*** Opening of DATA FOR THE TASK ***

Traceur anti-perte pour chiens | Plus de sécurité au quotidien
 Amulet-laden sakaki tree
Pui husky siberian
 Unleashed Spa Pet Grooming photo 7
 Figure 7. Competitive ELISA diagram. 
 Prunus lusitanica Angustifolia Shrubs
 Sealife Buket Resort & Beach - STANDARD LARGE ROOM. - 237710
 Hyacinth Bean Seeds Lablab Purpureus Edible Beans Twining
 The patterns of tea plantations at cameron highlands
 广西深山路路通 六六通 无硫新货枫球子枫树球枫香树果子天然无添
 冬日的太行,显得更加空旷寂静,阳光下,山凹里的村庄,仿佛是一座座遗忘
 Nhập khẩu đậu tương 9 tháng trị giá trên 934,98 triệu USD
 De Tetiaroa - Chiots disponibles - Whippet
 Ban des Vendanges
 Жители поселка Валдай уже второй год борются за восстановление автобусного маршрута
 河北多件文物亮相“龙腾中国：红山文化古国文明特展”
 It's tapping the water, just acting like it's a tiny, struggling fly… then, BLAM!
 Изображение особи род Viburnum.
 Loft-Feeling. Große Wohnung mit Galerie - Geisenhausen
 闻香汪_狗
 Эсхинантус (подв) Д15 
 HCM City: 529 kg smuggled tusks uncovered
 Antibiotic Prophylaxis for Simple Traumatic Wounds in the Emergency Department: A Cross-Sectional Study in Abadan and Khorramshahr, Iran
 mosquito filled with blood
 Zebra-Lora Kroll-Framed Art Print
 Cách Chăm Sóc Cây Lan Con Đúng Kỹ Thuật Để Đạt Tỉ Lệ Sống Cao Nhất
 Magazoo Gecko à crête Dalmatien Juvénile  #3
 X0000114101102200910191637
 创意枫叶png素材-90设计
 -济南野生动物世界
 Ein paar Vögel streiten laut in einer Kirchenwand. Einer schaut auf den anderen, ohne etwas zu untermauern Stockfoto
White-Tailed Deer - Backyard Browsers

*** Close of DATA FOR THE TASK ***

= EXERCISE BRIEF =
What should appear is an exact copy of the lines from the one with "Ein paar Vögel" through the end of the entries above, ends included, and no other text.

= RESPONSE TO THIS TASK =
 Ein paar Vögel streiten laut in einer Kirchenwand. Einer schaut auf den anderen, ohne etwas zu untermauern Stockfoto
White-Tailed Deer - Backyard Browsers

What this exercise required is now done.